Friday, June 10, 2005

Guardian of us all


Craig Murray, whose article I linked to here, is a bit of a whinger, but he's always worth listening to. More Guardian-style whingeing can be found here, from George Monbiot. His father, Raymond, has also been  in the news recently - I won't hold his parentage against him. 

Similar from Nick Paton Walsh - 'The lie about liberty'. At least this reminds us of some of the things going on in Central Asia and the Caucasus:
The events in Georgia, Ukraine and Kyrgyzstan had sent shivers through the body politic of both countries, causing the Kazakh president, Nursultan Nazarbayev, to ban protests during election time, to shut opposition papers and to let his police beat youth protesters wearing orange, the colour of Ukraine's revolution. In a coup de grace for both irony and free speech in the country, yesterday an opposition figure went on trial for slander after he accused Mr Nazarbayev's daughter, Dariga, of illegally creating a media monopoly, allegations she denies.
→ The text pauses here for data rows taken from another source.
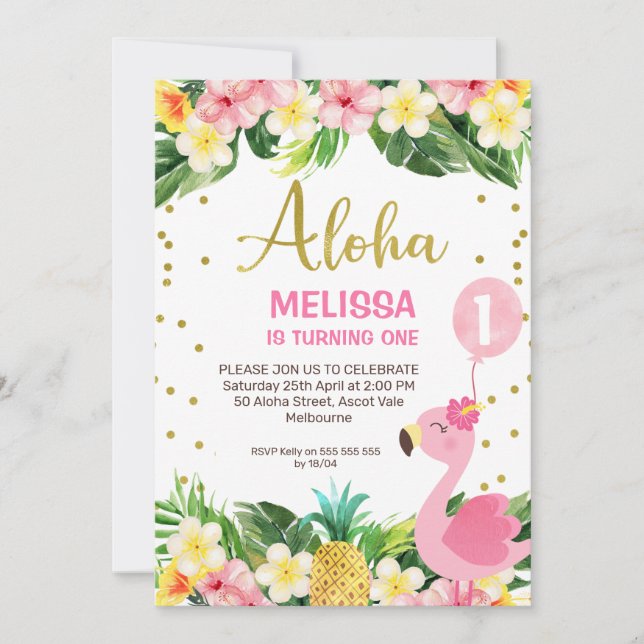Invitation Gold Aloha Floral Folithe Flamant rose 1er anniver (Devant)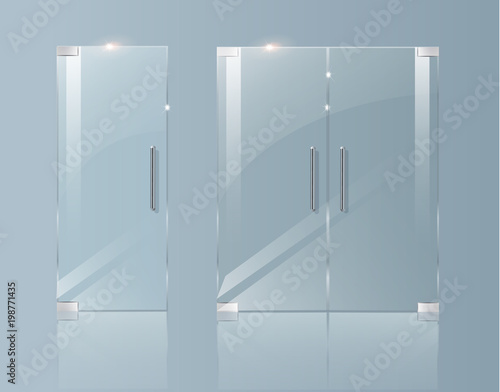 Glass doors, in a boutique office or shop. Vector illustration for architect projects.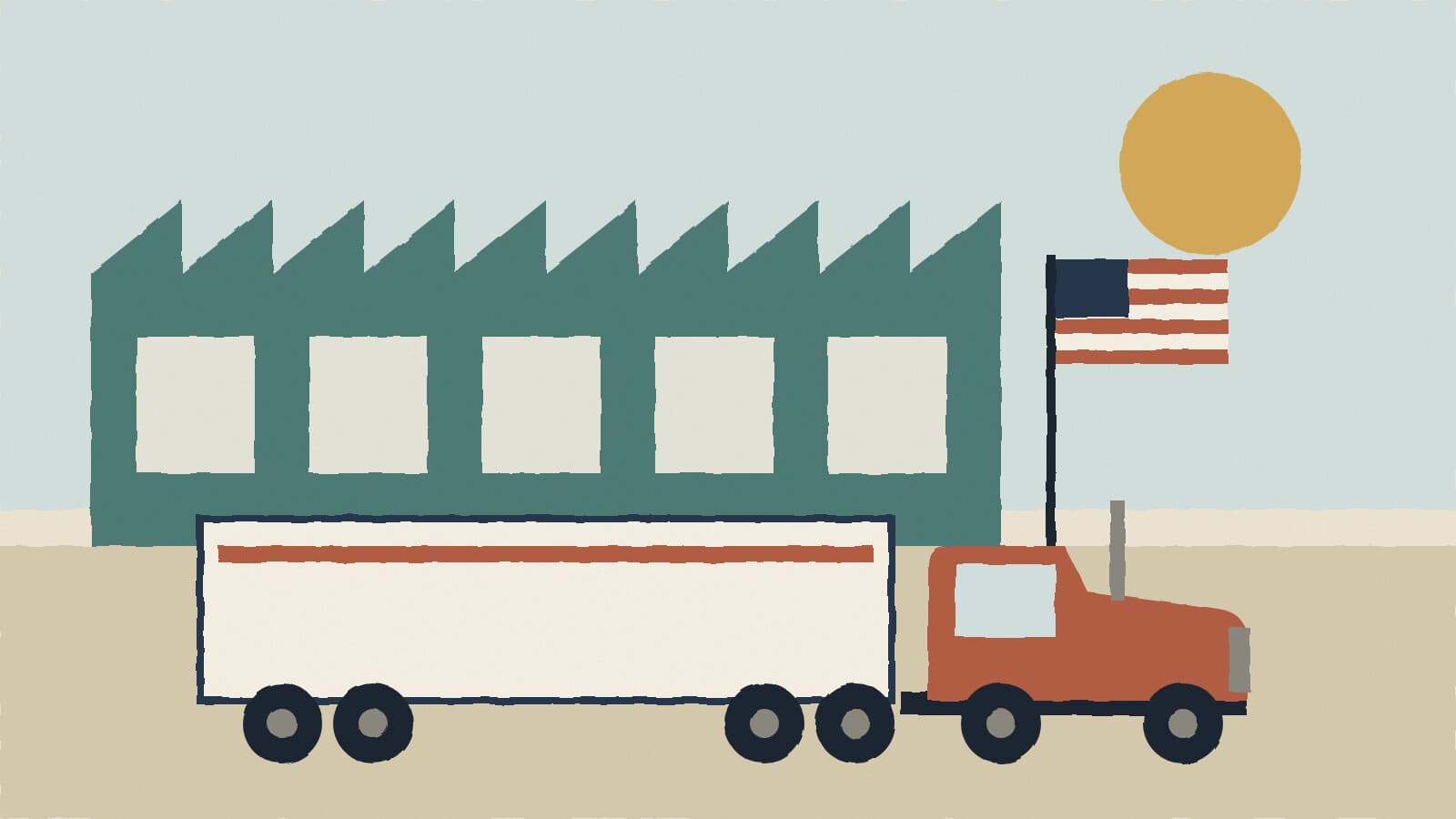 Truck plant and flag - illustration, Jake Team LLC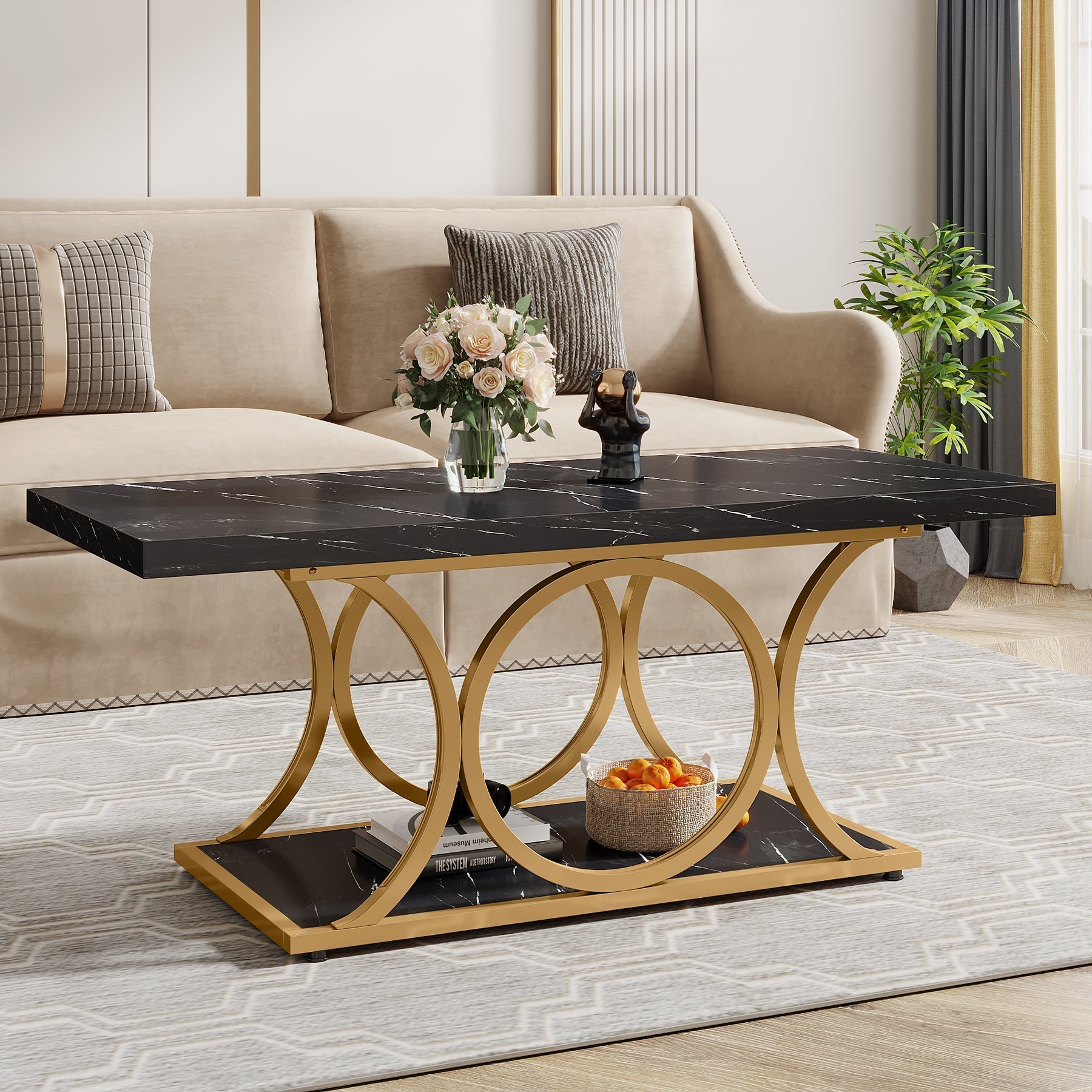 Rectangle Coffee Table, 120 cm Center Table with Faux Marble Top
On the other side of the Caspian, Azerbaijan's president, Ilham Aliev - his father's dynastic successor - regularly sends in riot troops to batter protesters. [..] Mr Aliev felt comfortable enough in his relationship with Washington to ban a demonstration planned for the previous Saturday - protesting for free parliamentary elections this November - so as not to spoil the atmosphere for Wednesday's ceremony [the opening of the Baku-Tbilisi-Ceyhan (BTC) pipeline]. When the protest went ahead all the same, he sent in the riot police, who hit some demonstrators with truncheons and made 100 arrests.

The Norwegian ambassador to Baku, Steinar Gil, whose vociferous criticism of human-rights abuses, despite his country's strategic investment in the BTC, is fast turning him into an Azerbaijani Craig Murray, was a lone voice among diplomats when he condemned the Aliev regime's "crude violence". The US embassy said it "regretted" that the right to assemble freely had been violated.

After Andijan, in the former Soviet Union at least, a state that shoots dead hundreds of peaceful protesters can no longer expect to become an international pariah. Its lesson will be apparent by the end of the year. When the protesters gather in November in Baku and in December in Almaty, Mr Aliev and Mr Nazarbayev could only better their Uzbek counterpart's performance by digging the mass graves before their troops take aim.
Finally, from Martin Kettle (I thought he'd retired), some sense on Europe:
The leftwing part of the no coalition should not be allowed to ignore or play down the presence of the rightwing part of their alliance. For what is striking is not the difference between the left and the right, but the identity. For right and left alike, the no vote was a vote in favour of France for the French. In this campaign, protectionism and anti-immigrant feeling were consenting bedfellows.

[..] there is a very real prospect [..] that Chirac will again draw all the wrong lessons. He could declare Sunday's no vote to be a vote against globalisation and reform that requires a "core" group of EU nations (led, inevitably, by France) to pull up the drawbridge to protect the French social and political model - a kind of ex post facto vote against enlargement. Polish plumbers, British politicians and Turkish and other Muslims will not be wanted on this voyage. But there is a danger that some weak political leaders in some other founding nations of the EU could be induced to go along with it.